We see a pretty much expected result for these queues, which is to say that on the fast path they are the same and therefore if the fast path dominates they show the same costs as a plain SpscArrayQueue, which is good news. When chunks are too small and we have to allocate new chunks we start to see overheads.
A more subtle observation here is that smaller buffers have some drawbacks as the slow path of the producer code is more likely to be executed. This reflects correctly the empty queue assumption that the JCTools queues rely on, but broken assumptions are... well... broken, so the cost goes up.

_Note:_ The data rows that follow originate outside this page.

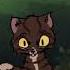 Just Don T Look At Him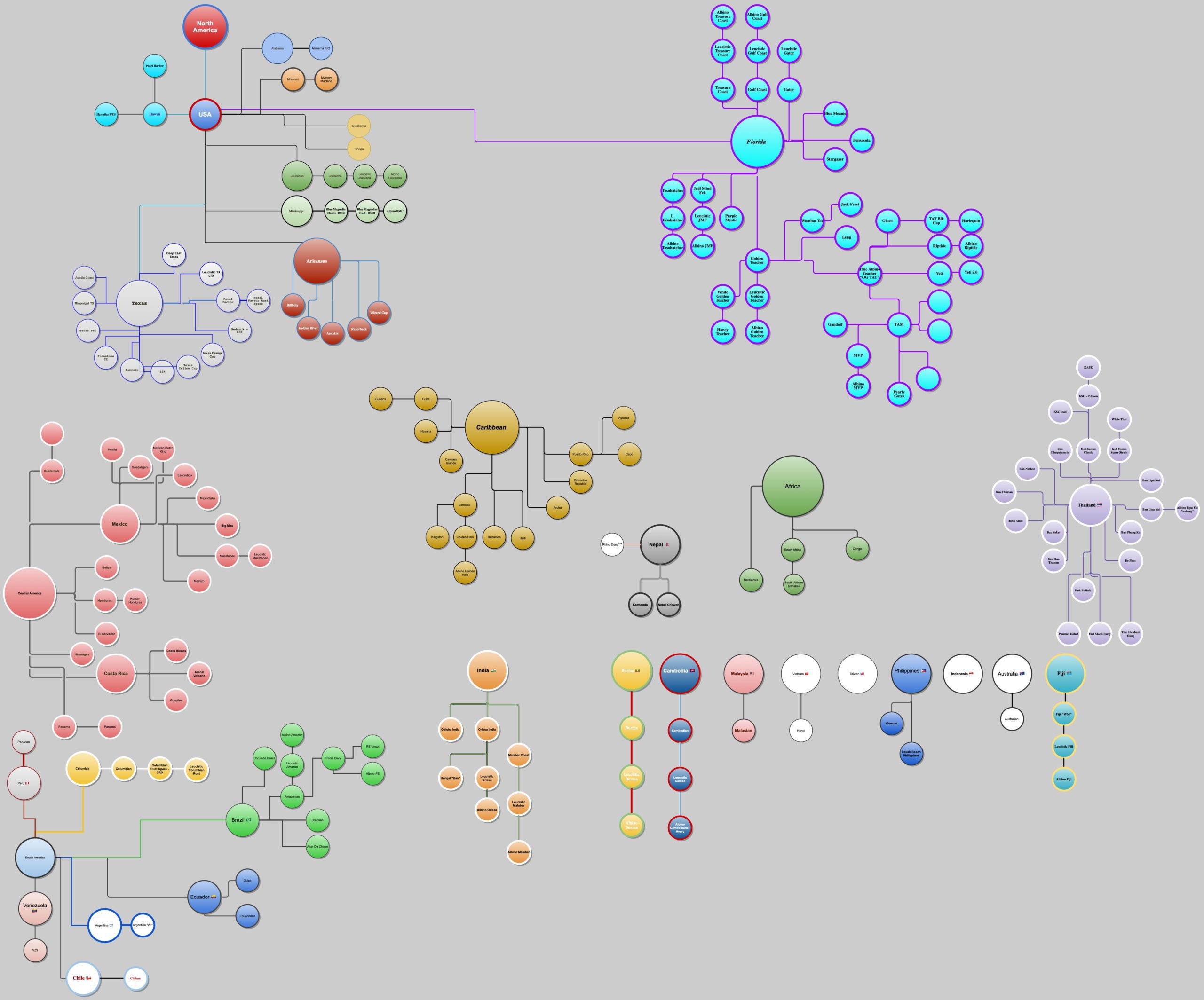 Genetic map of strains and their relationships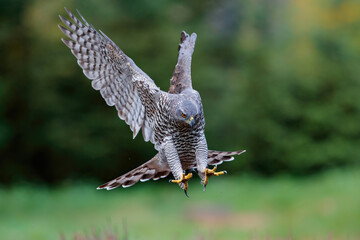 Northern goshawk (accipiter gentilis) flying just for landing in autumn in the forest of Noord...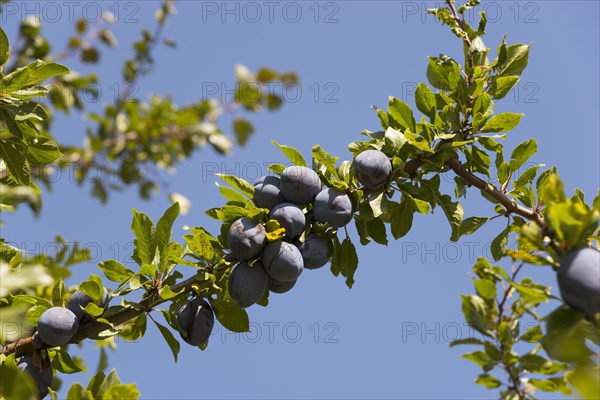 Ripe plums hanging on the tree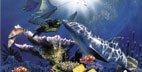 AIRBRUSHED LICENSE PLATES - SEATURTLE License Plate & DOLPHINS License Plate - #1800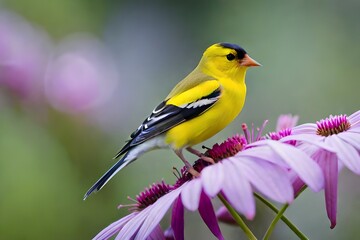 yellow wagtail with flowers
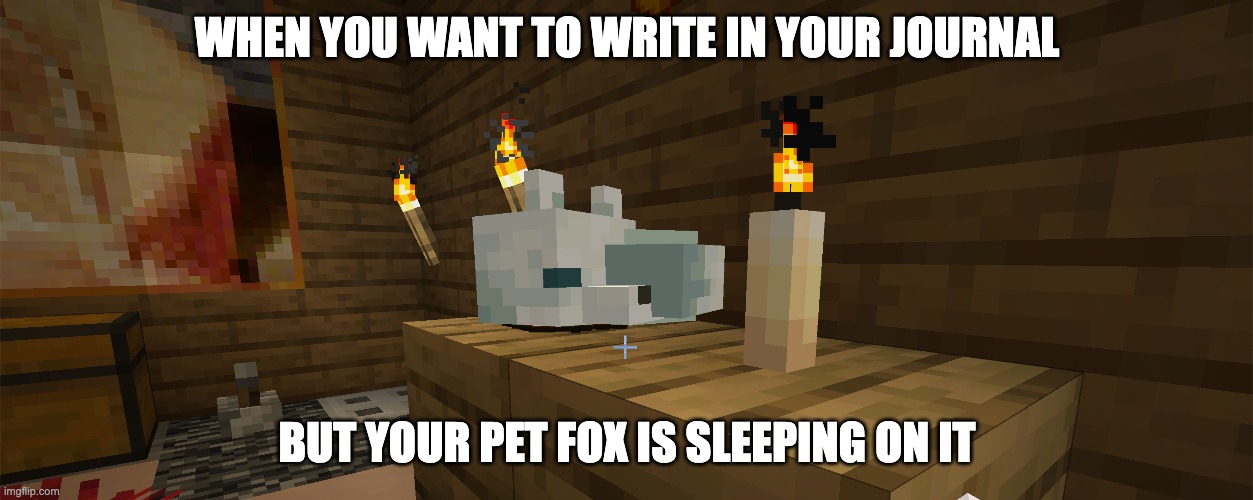 My new pet fox on minecraft: Froyo! | WHEN YOU WANT TO WRITE IN YOUR JOURNAL; BUT YOUR PET FOX IS SLEEPING ON IT | made w/ Imgflip meme maker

A further consideration here for smaller buffer is the hot/cold structure of the code. It is intended that the producer code inlines the "offer" hot path, but as the cold path is rarely run it will fail to inline it. This is an intentional inlining fail. Inlining the cold path will make the "offer" larger and allot more complex, making the compilers job harder and may result in worse resulting code. When we run with burst/buffer sizes which systematically violate the hot/cold assumption we can trigger a bad inlining decision. This can be worked around by marking the cold methods as "dontinline" using the CompileCommand option or the compiler oracle file.

Mmmm... this is boring :(

Yes... Nothing too surprising happened here, I did not emerge from the lab with my coat on fire, these things happen. One anecdote worth sharing here is that I originally run the benchmarks with only 2 threads allocated to the JVM, this resulted in noisier measurement as I effectively under provisioned the JVM with CPUs for compilation/GC or any OS scheduling contention/interrupts. When running on a 2 core laptop this is a reasonable compromise to fix the cross core topology of the benchmark, but on a server class machine it is easy enough to provision the same topology with more CPUs.
Next part will feature the astounding extension of these queues to the MPSC domain and will be far more interesting! I promise.